JOYCE MCMILLAN on THE LAST BLOOM at Oran Mor, Glasgow, for The Scotsman 14.4.14.
3 stars ***
AS THE POPULATION ages, playwrights become increasingly preoccupied with the suffering of old people, and with the sheer cruelty of the treatment they often suffer. The problem, though, is that writers are still struggling to get beyond the obvious truth that old people are complex human beings who deserve respect and kindness, not patronising dismissal. And if this new play by Jamaican writer Amba Chevannes – the first in a 2014 series of Commonwealth plays, co-produced by Play, Pie And Pint and the Traverse – only nudges the story forward a little, it also comes as a subtle and well-written reminder that the problem of loneliness in old age is no longer confined to wealthy western countries.

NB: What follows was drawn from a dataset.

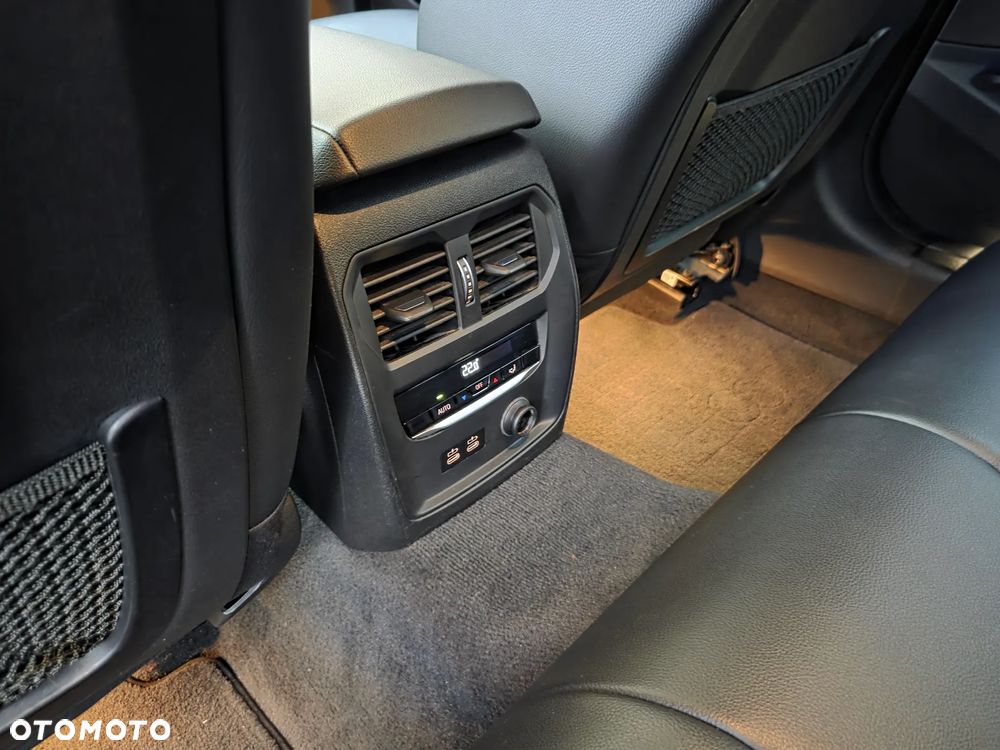 BMW Seria 3 320d Sport Line Shadow - 13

So in an old folks’ home in Kingston, new arrival Cynthia finds herself sharing a room with Myrtle. At first, provoked by Myrtle’s hostility, Cynthia retaliates with boasts about her long, happy marriage, her five children, and her grandson; but as the days wear on, it becomes clear that Cynthia’s family is a wistful fantasy, and that Myrtle’s only son, now in America, has not contacted her in years.
In the end – after some painfully nasty incidents involving envy, theft and vandalism – Cynthia and Myrtle develop a tolerance for each other’s fantasies; Anni Domingo and Cleo Sylvestre make a beautiful job of capturing the plight of two women who are better off denying reality than trying to live with it. It’s a bleak conclusion; but it’s delivered, in Hamish Pirie’s production, with love, care, and a faint redeeming glow of sunlight, across fading lives.
Traverse Theatre, Edinburgh, tomorrow until Saturday.